The --output flag with a .ts extension produces TypeScript. The generator also creates a .terms.ts file with numeric term IDs.

Generated Output

Each generated parser file exports a parser via LRParser.deserialize():

import { LRParser } from "@lezer/lr";
export const parser = LRParser.deserialize({
  version: 14,
  states: "...",       // serialized state machine
  stateData: "...",
  goto: "...",
  nodeNames: "⚠ LineComment Program BinaryExpression ...",
  maxTerm: 59,
  skippedNodes: [0, 1],
  tokenData: "...",
  topRules: { Program: [0, 2] },
});

The .terms.ts file exports numeric constants for each node type:

export const Program = 1;
export const WorkoutRecord = 2;
export const Keyword = 6;

Dependencies

@lezer/generator (v1.2.3) — build-time grammar compiler (CLI + API)
@lezer/lr (v1.3.7) — runtime LR parser
@lezer/common — shared types: Tree, TreeCursor, SyntaxNode, NodeType
@lezer/highlight (v1.1.6) — syntax highlighting tags
@codemirror/language (v6.10.6) — CodeMirror language integration

Part 3: Using the Generated Parser

Parsing

import { parser as liftoscriptParser } from "./liftoscript";

const tree = liftoscriptParser.parse(script);
const topNode = tree.topNode;  // SyntaxNode for the root

Tree Traversal Patterns

Pattern 1: Linear cursor traversal — visit every node in the tree:

const cursor = tree.cursor();
do {
  if (cursor.node.type.name === NodeName.StateVariable) {
    // process node
  }
} while (cursor.next());

Used for: scanning all nodes of a type (state variables, error detection, weight unit conversion).

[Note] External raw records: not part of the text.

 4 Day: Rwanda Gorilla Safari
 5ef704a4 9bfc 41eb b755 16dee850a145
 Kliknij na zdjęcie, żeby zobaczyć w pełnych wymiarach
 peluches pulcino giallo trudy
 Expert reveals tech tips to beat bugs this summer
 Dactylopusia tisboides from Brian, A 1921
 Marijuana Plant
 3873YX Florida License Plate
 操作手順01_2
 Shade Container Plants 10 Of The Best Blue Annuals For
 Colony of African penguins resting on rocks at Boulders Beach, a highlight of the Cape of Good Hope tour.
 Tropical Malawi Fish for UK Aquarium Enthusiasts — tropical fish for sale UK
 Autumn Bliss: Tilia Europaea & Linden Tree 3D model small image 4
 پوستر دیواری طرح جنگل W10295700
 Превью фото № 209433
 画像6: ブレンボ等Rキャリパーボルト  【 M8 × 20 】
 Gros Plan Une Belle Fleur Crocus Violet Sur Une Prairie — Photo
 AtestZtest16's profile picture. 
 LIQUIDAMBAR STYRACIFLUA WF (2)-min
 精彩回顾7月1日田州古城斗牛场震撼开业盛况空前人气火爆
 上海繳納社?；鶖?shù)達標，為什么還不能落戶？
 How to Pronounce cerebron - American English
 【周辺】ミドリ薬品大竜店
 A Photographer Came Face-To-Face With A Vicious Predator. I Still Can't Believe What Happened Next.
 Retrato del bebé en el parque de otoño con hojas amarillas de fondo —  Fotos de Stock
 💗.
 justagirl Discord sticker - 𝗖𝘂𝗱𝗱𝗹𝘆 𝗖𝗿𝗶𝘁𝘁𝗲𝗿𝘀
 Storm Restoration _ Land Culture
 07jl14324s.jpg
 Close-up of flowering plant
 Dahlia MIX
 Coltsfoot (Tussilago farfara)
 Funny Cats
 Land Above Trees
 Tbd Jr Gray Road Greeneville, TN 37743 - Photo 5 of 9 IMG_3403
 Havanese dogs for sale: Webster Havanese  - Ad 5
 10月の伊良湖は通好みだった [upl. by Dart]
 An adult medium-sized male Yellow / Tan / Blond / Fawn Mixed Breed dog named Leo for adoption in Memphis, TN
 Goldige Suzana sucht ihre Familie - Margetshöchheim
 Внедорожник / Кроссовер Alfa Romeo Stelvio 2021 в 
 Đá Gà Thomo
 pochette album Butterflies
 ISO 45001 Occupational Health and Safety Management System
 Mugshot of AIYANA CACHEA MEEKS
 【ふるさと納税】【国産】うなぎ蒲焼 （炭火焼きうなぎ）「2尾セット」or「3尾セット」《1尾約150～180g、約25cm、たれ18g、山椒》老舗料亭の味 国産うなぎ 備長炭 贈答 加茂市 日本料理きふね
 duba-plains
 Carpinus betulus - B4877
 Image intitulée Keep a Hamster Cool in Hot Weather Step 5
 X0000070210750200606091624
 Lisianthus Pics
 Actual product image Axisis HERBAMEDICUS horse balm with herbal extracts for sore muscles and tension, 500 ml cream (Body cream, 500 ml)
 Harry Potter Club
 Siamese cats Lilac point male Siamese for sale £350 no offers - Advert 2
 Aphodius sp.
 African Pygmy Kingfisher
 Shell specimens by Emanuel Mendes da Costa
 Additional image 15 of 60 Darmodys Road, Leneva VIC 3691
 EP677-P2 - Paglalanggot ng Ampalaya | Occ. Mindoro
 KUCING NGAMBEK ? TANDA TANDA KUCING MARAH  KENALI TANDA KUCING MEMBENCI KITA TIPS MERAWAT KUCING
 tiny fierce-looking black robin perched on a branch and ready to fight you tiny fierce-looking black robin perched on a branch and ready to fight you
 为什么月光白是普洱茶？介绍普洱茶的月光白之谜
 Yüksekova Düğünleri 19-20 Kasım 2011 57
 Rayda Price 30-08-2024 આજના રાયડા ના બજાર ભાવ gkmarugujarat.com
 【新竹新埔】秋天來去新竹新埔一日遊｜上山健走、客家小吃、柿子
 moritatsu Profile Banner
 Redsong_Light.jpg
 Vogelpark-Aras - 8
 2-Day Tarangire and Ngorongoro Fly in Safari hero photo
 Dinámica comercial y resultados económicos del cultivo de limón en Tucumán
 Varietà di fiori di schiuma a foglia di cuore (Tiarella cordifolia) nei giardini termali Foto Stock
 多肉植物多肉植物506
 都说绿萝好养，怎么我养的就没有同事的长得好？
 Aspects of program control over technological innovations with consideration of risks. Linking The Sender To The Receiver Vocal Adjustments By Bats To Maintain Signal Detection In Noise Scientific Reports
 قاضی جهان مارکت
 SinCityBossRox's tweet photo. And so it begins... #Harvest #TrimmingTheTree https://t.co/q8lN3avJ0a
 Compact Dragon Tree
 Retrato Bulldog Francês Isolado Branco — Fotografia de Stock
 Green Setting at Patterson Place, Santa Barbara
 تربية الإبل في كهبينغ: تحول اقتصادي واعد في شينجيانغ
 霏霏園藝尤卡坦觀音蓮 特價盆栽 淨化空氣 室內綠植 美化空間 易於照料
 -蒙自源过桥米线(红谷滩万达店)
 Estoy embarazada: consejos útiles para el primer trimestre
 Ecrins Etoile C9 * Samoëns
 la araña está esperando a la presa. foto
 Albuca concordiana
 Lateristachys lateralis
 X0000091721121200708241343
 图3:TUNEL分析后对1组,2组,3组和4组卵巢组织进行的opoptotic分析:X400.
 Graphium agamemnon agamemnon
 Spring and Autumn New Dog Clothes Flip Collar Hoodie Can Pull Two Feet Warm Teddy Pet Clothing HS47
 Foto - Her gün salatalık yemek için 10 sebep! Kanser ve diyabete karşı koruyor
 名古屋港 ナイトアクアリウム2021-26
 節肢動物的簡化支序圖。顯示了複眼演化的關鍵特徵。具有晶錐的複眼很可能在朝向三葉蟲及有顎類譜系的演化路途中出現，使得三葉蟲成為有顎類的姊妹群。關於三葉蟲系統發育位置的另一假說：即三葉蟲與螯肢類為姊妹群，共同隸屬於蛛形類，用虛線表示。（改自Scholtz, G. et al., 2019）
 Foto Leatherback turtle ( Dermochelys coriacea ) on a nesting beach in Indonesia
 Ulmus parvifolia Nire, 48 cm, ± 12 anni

Pattern 2: Child iteration — get all direct children of a node:

function getChildren(node: SyntaxNode): SyntaxNode[] {
  const cur = node.cursor();
  const result: SyntaxNode[] = [];
  if (!cur.firstChild()) return result;
  do {
    result.push(cur.node);
  } while (cur.nextSibling());
  return result;
}

This helper is duplicated across all three evaluators. Use it to iterate children.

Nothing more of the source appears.